Assignment ::
Transcribe the entire listing exactly.

Data extracts ::
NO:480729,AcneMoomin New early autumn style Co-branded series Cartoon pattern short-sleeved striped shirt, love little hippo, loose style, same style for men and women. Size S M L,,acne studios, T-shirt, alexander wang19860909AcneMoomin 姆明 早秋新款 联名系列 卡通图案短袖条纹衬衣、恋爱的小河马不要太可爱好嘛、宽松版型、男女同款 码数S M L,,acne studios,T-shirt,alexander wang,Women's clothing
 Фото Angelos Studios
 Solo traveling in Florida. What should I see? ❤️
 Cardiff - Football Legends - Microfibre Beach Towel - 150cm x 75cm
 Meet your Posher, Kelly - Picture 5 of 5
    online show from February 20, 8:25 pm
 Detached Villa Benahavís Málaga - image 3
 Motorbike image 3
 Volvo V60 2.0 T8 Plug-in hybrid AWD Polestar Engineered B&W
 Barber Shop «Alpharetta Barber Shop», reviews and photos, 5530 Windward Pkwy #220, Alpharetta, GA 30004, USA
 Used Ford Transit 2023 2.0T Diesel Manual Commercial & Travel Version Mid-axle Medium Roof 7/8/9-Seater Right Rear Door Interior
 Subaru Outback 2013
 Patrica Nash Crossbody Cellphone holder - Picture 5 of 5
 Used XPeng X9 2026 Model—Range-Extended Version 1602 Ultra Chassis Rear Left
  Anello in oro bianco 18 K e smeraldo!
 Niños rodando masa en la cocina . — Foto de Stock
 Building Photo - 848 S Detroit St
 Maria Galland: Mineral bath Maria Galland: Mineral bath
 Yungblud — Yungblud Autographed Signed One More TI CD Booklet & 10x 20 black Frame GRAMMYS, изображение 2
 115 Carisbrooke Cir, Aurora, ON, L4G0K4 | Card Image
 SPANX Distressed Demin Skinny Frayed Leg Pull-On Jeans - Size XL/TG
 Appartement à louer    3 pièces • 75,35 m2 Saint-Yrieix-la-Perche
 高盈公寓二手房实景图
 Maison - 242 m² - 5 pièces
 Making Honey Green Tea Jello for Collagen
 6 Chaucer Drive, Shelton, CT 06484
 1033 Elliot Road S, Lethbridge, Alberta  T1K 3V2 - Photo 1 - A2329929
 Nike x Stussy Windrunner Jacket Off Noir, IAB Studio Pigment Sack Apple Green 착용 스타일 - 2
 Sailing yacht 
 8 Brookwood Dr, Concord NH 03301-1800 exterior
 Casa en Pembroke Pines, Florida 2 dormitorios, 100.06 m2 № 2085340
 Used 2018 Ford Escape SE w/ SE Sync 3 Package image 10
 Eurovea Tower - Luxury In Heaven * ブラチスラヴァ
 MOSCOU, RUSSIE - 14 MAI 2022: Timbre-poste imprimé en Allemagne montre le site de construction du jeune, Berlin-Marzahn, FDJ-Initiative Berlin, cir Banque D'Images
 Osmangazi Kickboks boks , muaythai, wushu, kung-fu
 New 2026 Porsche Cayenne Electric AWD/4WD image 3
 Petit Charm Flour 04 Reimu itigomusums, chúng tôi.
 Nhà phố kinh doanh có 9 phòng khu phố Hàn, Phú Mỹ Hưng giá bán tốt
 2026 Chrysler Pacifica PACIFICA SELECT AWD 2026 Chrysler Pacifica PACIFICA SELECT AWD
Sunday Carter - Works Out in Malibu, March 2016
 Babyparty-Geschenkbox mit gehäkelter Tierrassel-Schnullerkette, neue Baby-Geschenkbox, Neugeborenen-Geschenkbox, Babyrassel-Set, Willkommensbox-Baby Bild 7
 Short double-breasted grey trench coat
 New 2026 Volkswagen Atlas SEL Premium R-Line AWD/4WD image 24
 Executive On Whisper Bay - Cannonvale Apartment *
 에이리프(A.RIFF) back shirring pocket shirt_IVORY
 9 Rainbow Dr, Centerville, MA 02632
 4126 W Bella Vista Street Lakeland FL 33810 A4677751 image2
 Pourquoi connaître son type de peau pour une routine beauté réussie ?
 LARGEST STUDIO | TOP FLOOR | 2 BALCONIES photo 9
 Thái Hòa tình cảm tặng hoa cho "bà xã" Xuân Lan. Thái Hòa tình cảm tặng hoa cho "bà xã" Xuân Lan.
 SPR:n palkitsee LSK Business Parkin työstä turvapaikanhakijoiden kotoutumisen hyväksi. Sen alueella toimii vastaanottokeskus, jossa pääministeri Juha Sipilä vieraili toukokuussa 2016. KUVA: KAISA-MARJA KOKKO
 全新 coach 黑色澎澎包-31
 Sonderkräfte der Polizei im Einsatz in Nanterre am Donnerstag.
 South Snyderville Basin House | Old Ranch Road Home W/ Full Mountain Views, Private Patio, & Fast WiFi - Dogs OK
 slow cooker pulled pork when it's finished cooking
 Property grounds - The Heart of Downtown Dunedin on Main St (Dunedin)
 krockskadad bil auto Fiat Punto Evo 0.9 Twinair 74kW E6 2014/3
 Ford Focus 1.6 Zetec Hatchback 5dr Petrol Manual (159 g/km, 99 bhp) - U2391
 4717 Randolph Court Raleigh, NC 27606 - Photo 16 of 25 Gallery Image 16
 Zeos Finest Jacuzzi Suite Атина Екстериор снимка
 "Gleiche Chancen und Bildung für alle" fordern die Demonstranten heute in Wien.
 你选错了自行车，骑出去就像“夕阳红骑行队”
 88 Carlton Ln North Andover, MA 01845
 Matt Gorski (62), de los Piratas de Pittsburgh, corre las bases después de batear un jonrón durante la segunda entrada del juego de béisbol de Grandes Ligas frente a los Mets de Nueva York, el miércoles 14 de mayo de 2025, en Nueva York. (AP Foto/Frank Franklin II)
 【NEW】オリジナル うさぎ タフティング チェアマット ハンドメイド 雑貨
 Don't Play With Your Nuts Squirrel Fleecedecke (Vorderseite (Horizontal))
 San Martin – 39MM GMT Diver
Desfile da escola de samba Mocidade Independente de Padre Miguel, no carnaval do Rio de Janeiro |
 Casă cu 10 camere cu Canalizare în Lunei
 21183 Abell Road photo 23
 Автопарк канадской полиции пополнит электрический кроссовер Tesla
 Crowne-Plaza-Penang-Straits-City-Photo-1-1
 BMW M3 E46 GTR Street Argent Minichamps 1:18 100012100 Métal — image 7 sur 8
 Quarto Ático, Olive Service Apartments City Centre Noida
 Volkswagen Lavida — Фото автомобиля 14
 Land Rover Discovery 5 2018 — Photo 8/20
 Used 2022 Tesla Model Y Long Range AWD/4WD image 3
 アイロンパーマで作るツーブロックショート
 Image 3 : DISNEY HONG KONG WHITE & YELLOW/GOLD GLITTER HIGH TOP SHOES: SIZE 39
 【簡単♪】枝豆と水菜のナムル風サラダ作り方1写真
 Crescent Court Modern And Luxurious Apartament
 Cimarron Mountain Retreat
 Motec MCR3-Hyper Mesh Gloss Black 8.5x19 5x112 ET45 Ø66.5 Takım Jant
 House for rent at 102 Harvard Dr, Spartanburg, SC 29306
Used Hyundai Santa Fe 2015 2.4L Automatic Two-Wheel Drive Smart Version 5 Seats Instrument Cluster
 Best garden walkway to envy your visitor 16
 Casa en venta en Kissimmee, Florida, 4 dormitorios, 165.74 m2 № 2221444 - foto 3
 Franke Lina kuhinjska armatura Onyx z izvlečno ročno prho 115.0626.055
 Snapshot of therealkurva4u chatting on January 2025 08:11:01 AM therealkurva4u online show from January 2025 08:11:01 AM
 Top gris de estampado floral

Task response ::
NO:480729,AcneMoomin New early autumn style Co-branded series Cartoon pattern short-sleeved striped shirt, love little hippo, loose style, same style for men and women. Size S M L,,acne studios, T-shirt, alexander wang19860909AcneMoomin 姆明 早秋新款 联名系列 卡通图案短袖条纹衬衣、恋爱的小河马不要太可爱好嘛、宽松版型、男女同款 码数S M L,,acne studios,T-shirt,alexander wang,Women's clothing
 Фото Angelos Studios
 Solo traveling in Florida. What should I see? ❤️
 Cardiff - Football Legends - Microfibre Beach Towel - 150cm x 75cm
 Meet your Posher, Kelly - Picture 5 of 5
    online show from February 20, 8:25 pm
 Detached Villa Benahavís Málaga - image 3
 Motorbike image 3
 Volvo V60 2.0 T8 Plug-in hybrid AWD Polestar Engineered B&W
 Barber Shop «Alpharetta Barber Shop», reviews and photos, 5530 Windward Pkwy #220, Alpharetta, GA 30004, USA
 Used Ford Transit 2023 2.0T Diesel Manual Commercial & Travel Version Mid-axle Medium Roof 7/8/9-Seater Right Rear Door Interior
 Subaru Outback 2013
 Patrica Nash Crossbody Cellphone holder - Picture 5 of 5
 Used XPeng X9 2026 Model—Range-Extended Version 1602 Ultra Chassis Rear Left
  Anello in oro bianco 18 K e smeraldo!
 Niños rodando masa en la cocina . — Foto de Stock
 Building Photo - 848 S Detroit St
 Maria Galland: Mineral bath Maria Galland: Mineral bath
 Yungblud — Yungblud Autographed Signed One More TI CD Booklet & 10x 20 black Frame GRAMMYS, изображение 2
 115 Carisbrooke Cir, Aurora, ON, L4G0K4 | Card Image
 SPANX Distressed Demin Skinny Frayed Leg Pull-On Jeans - Size XL/TG
 Appartement à louer    3 pièces • 75,35 m2 Saint-Yrieix-la-Perche
 高盈公寓二手房实景图
 Maison - 242 m² - 5 pièces
 Making Honey Green Tea Jello for Collagen
 6 Chaucer Drive, Shelton, CT 06484
 1033 Elliot Road S, Lethbridge, Alberta  T1K 3V2 - Photo 1 - A2329929
 Nike x Stussy Windrunner Jacket Off Noir, IAB Studio Pigment Sack Apple Green 착용 스타일 - 2
 Sailing yacht 
 8 Brookwood Dr, Concord NH 03301-1800 exterior
 Casa en Pembroke Pines, Florida 2 dormitorios, 100.06 m2 № 2085340
 Used 2018 Ford Escape SE w/ SE Sync 3 Package image 10
 Eurovea Tower - Luxury In Heaven * ブラチスラヴァ
 MOSCOU, RUSSIE - 14 MAI 2022: Timbre-poste imprimé en Allemagne montre le site de construction du jeune, Berlin-Marzahn, FDJ-Initiative Berlin, cir Banque D'Images
 Osmangazi Kickboks boks , muaythai, wushu, kung-fu
 New 2026 Porsche Cayenne Electric AWD/4WD image 3
 Petit Charm Flour 04 Reimu itigomusums, chúng tôi.
 Nhà phố kinh doanh có 9 phòng khu phố Hàn, Phú Mỹ Hưng giá bán tốt
 2026 Chrysler Pacifica PACIFICA SELECT AWD 2026 Chrysler Pacifica PACIFICA SELECT AWD
Sunday Carter - Works Out in Malibu, March 2016
 Babyparty-Geschenkbox mit gehäkelter Tierrassel-Schnullerkette, neue Baby-Geschenkbox, Neugeborenen-Geschenkbox, Babyrassel-Set, Willkommensbox-Baby Bild 7
 Short double-breasted grey trench coat
 New 2026 Volkswagen Atlas SEL Premium R-Line AWD/4WD image 24
 Executive On Whisper Bay - Cannonvale Apartment *
 에이리프(A.RIFF) back shirring pocket shirt_IVORY
 9 Rainbow Dr, Centerville, MA 02632
 4126 W Bella Vista Street Lakeland FL 33810 A4677751 image2
 Pourquoi connaître son type de peau pour une routine beauté réussie ?
 LARGEST STUDIO | TOP FLOOR | 2 BALCONIES photo 9
 Thái Hòa tình cảm tặng hoa cho "bà xã" Xuân Lan. Thái Hòa tình cảm tặng hoa cho "bà xã" Xuân Lan.
 SPR:n palkitsee LSK Business Parkin työstä turvapaikanhakijoiden kotoutumisen hyväksi. Sen alueella toimii vastaanottokeskus, jossa pääministeri Juha Sipilä vieraili toukokuussa 2016. KUVA: KAISA-MARJA KOKKO
 全新 coach 黑色澎澎包-31
 Sonderkräfte der Polizei im Einsatz in Nanterre am Donnerstag.
 South Snyderville Basin House | Old Ranch Road Home W/ Full Mountain Views, Private Patio, & Fast WiFi - Dogs OK
 slow cooker pulled pork when it's finished cooking
 Property grounds - The Heart of Downtown Dunedin on Main St (Dunedin)
 krockskadad bil auto Fiat Punto Evo 0.9 Twinair 74kW E6 2014/3
 Ford Focus 1.6 Zetec Hatchback 5dr Petrol Manual (159 g/km, 99 bhp) - U2391
 4717 Randolph Court Raleigh, NC 27606 - Photo 16 of 25 Gallery Image 16
 Zeos Finest Jacuzzi Suite Атина Екстериор снимка
 "Gleiche Chancen und Bildung für alle" fordern die Demonstranten heute in Wien.
 你选错了自行车，骑出去就像“夕阳红骑行队”
 88 Carlton Ln North Andover, MA 01845
 Matt Gorski (62), de los Piratas de Pittsburgh, corre las bases después de batear un jonrón durante la segunda entrada del juego de béisbol de Grandes Ligas frente a los Mets de Nueva York, el miércoles 14 de mayo de 2025, en Nueva York. (AP Foto/Frank Franklin II)
 【NEW】オリジナル うさぎ タフティング チェアマット ハンドメイド 雑貨
 Don't Play With Your Nuts Squirrel Fleecedecke (Vorderseite (Horizontal))
 San Martin – 39MM GMT Diver
Desfile da escola de samba Mocidade Independente de Padre Miguel, no carnaval do Rio de Janeiro |
 Casă cu 10 camere cu Canalizare în Lunei
 21183 Abell Road photo 23
 Автопарк канадской полиции пополнит электрический кроссовер Tesla
 Crowne-Plaza-Penang-Straits-City-Photo-1-1
 BMW M3 E46 GTR Street Argent Minichamps 1:18 100012100 Métal — image 7 sur 8
 Quarto Ático, Olive Service Apartments City Centre Noida
 Volkswagen Lavida — Фото автомобиля 14
 Land Rover Discovery 5 2018 — Photo 8/20
 Used 2022 Tesla Model Y Long Range AWD/4WD image 3
 アイロンパーマで作るツーブロックショート
 Image 3 : DISNEY HONG KONG WHITE & YELLOW/GOLD GLITTER HIGH TOP SHOES: SIZE 39
 【簡単♪】枝豆と水菜のナムル風サラダ作り方1写真
 Crescent Court Modern And Luxurious Apartament
 Cimarron Mountain Retreat
 Motec MCR3-Hyper Mesh Gloss Black 8.5x19 5x112 ET45 Ø66.5 Takım Jant
 House for rent at 102 Harvard Dr, Spartanburg, SC 29306
Used Hyundai Santa Fe 2015 2.4L Automatic Two-Wheel Drive Smart Version 5 Seats Instrument Cluster
 Best garden walkway to envy your visitor 16
 Casa en venta en Kissimmee, Florida, 4 dormitorios, 165.74 m2 № 2221444 - foto 3
 Franke Lina kuhinjska armatura Onyx z izvlečno ročno prho 115.0626.055
 Snapshot of therealkurva4u chatting on January 2025 08:11:01 AM therealkurva4u online show from January 2025 08:11:01 AM
 Top gris de estampado floral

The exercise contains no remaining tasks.